Your goal: Reproduce exactly the lines from the one containing "On Cloud CloudMonster" through the last line of the records below, both included. Leave out any pictures.
======== Data to examine ========
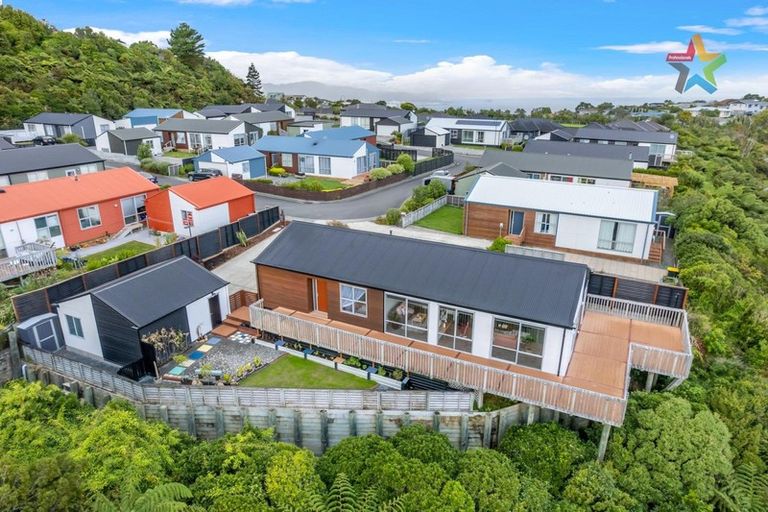 Photo of property in 18 Otonga Heights, Maungaraki, Lower Hutt, 5010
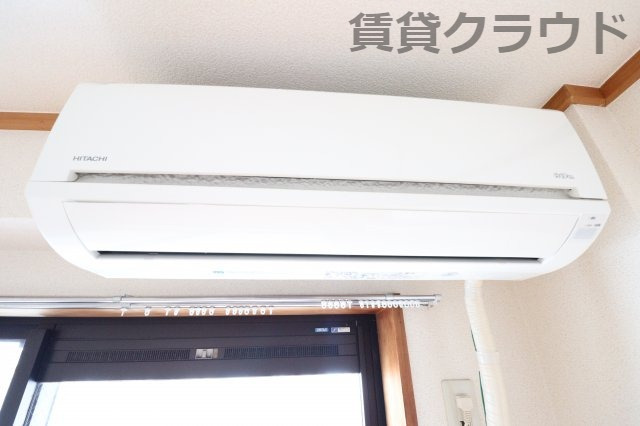 その他設備　エアコンは必需品ですね！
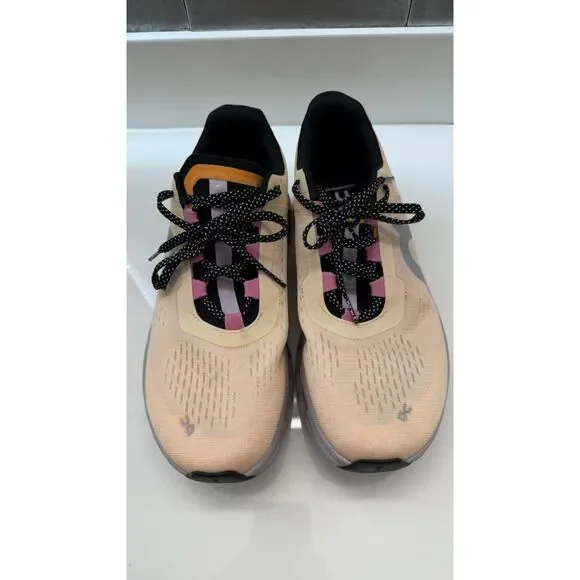 On Cloud CloudMonster Blonde Fade Running Shoe Sz. 10 Ladies Active Gym Sneaker - Picture 7 of 11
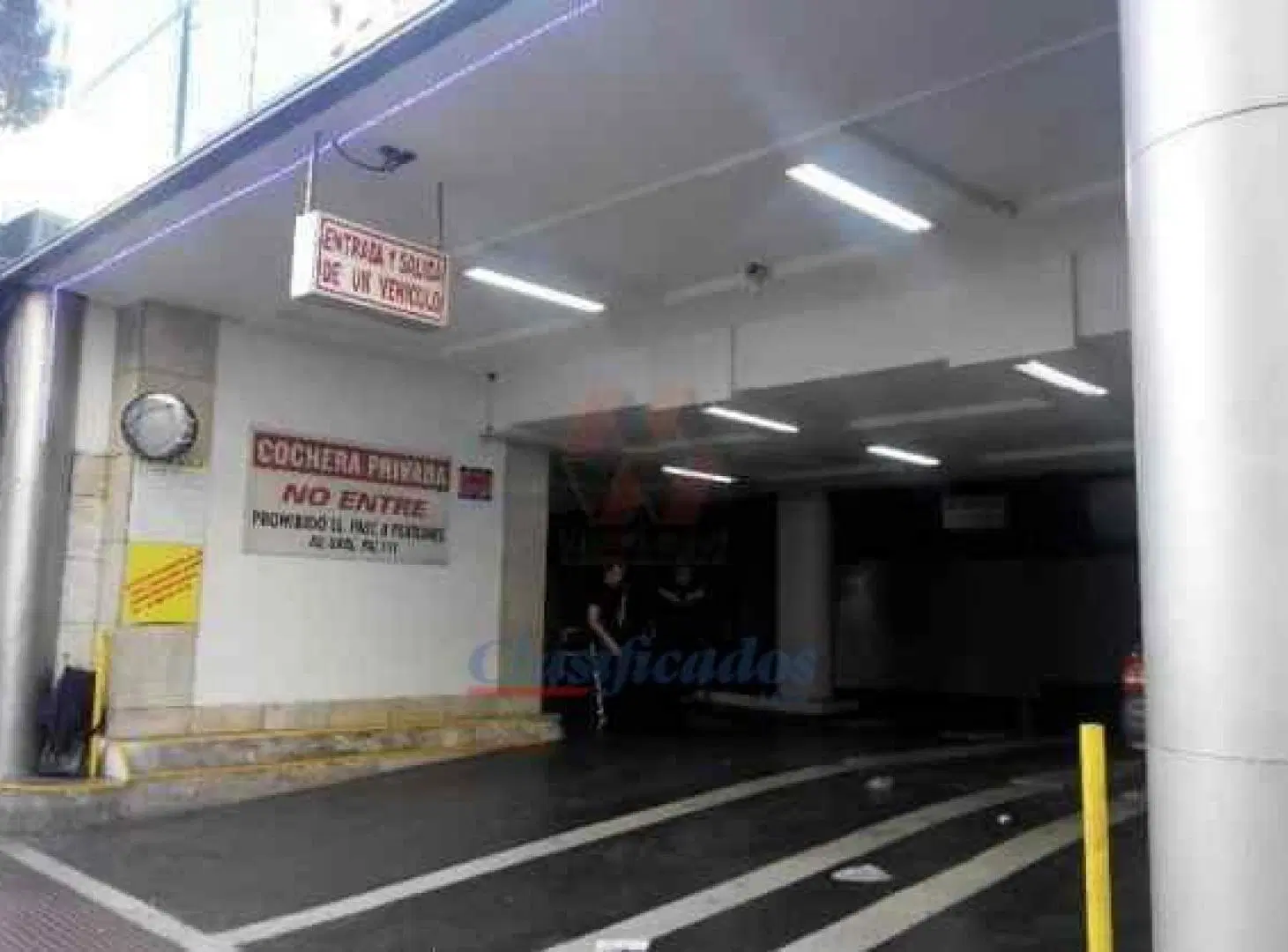 COCHERAS EN VENTA -  AV. GRAL PAZ Y 9 DE JULIO. Ed SHELL 2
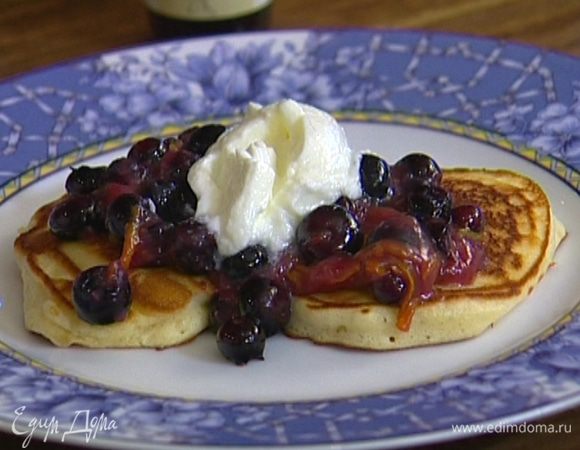Полить оладушки ягодным соусом, украсить мятой и подавать с йогуртом.
 

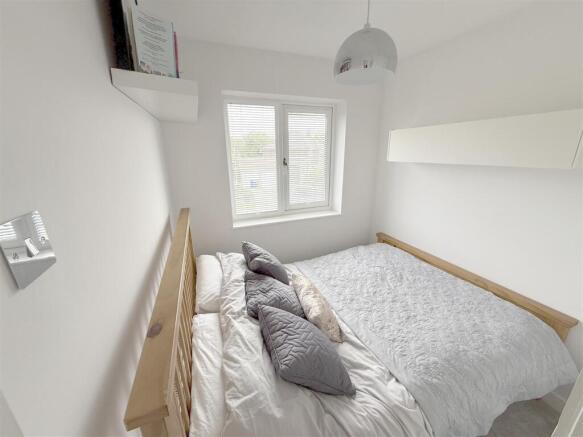 3 bed Semi-Detached to rent Image 9
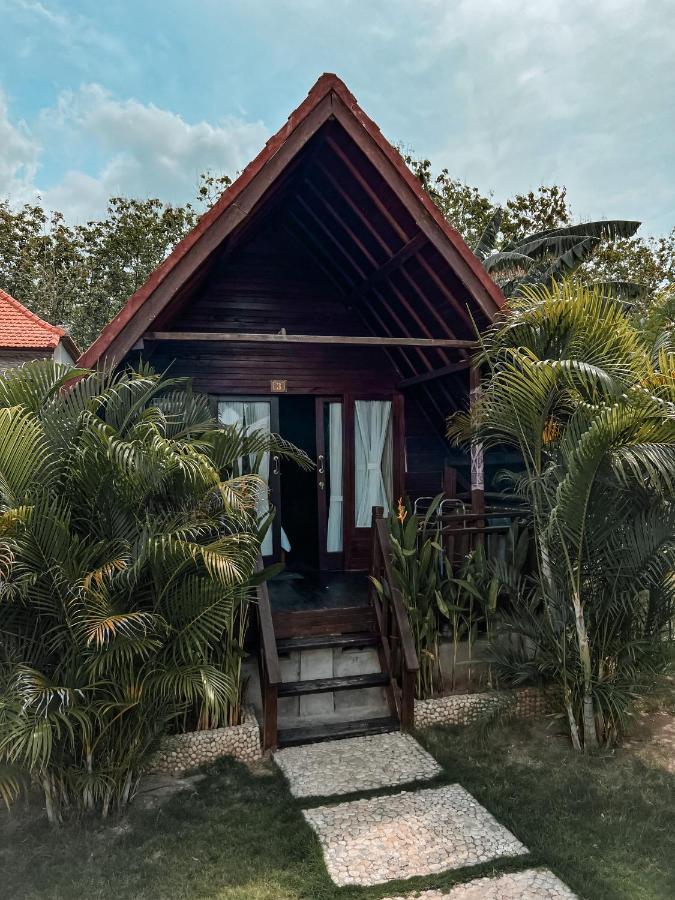 Gayatri Holiday park 3*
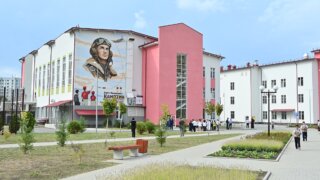 В Сочи в День знаний открыта новая школа на 1100 мест в Лазаревском районе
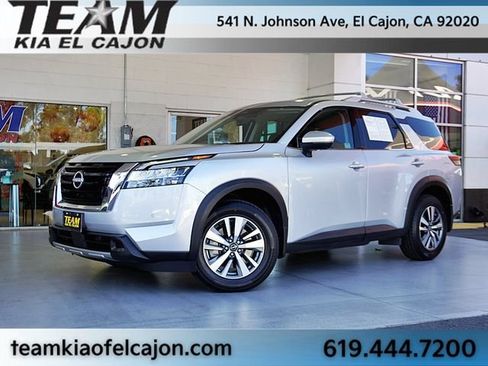 Used 2024 Nissan Pathfinder SL FWD image 2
========
Result:
 On Cloud CloudMonster Blonde Fade Running Shoe Sz. 10 Ladies Active Gym Sneaker - Picture 7 of 11
 COCHERAS EN VENTA -  AV. GRAL PAZ Y 9 DE JULIO. Ed SHELL 2
Полить оладушки ягодным соусом, украсить мятой и подавать с йогуртом.
 

 3 bed Semi-Detached to rent Image 9
 Gayatri Holiday park 3*
 В Сочи в День знаний открыта новая школа на 1100 мест в Лазаревском районе
 Used 2024 Nissan Pathfinder SL FWD image 2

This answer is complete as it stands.